The narrative of declining numbers of church members versus a (new and not yet tested) narrative of a ‘Quiet Revival’ of new people – especially young men – coming in.
The narrative of Doing More Things (driven by the Vision & Strategy for the 2020s, with its key phrases of “becoming a church of missionary disciples”, “mixed ecology” and “younger and more diverse”) because the answer is doing more mission and praying more. I don’t hear much from the other side of that, but would suggest that the one who brings us to God is … God. St Paul wrote “I planted, Apollos watered, but God gave the growth. So neither the one who plants nor the one who waters is anything, but only God who gives the growth” (1 Cor. 3: 6-7). So, what happens when the growth doesn’t follow the planting and watering? Has the focus on numbers gone too far?

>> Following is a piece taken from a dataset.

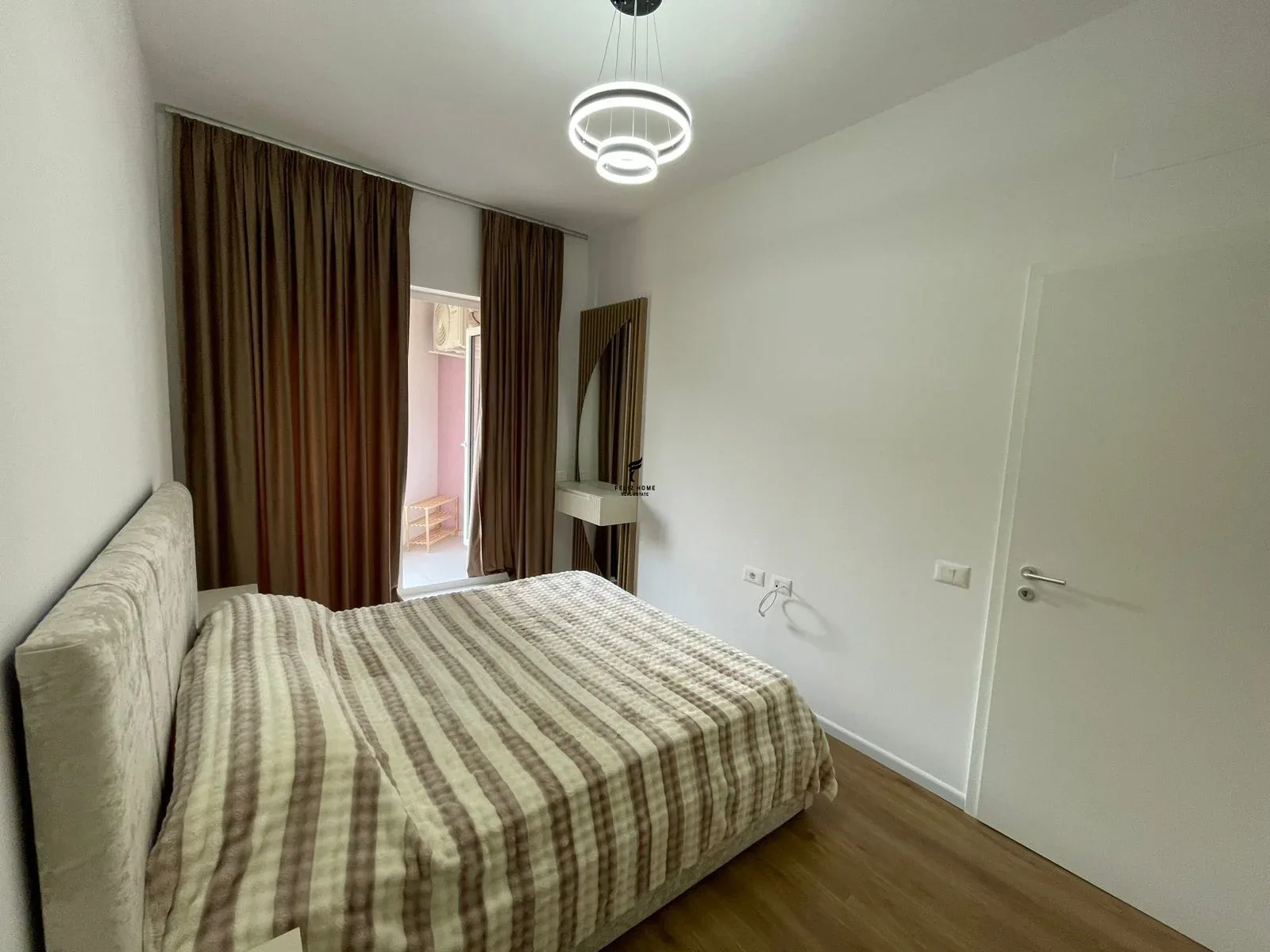 APARTAMENT ME QERA 1+1 ALI DEM 450 EURO 4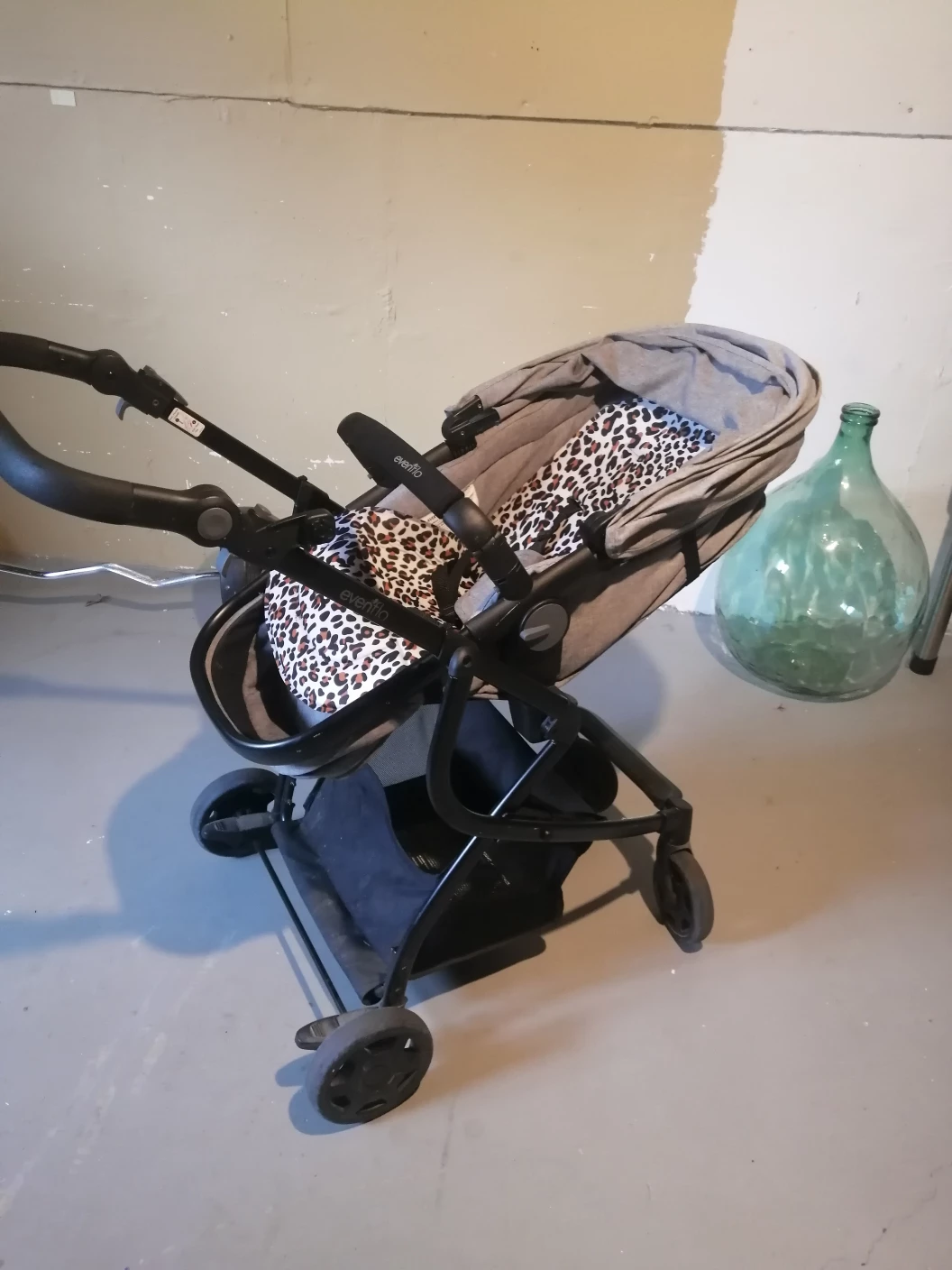 Baby stroller EvenFlo - photo 3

On that theme, I know it’s becoming standard to ask for ‘more theology’, at least in the Living in Love and Faith (LLF) process, but please can we have ‘more theology of prayer’? Once we reach the point that someone can say ‘in churches where they prayed for half an hour a week for growth, there was a 6 per cent annual rise in attendance’ I think we need to step back and reflect. In the Church Growth presentation, I felt very uneasy about the very mechanistic views some expressed, which seemed to me more akin to magic: You do the Thing, you get the Result. Just like that. And if you don’t get the Result?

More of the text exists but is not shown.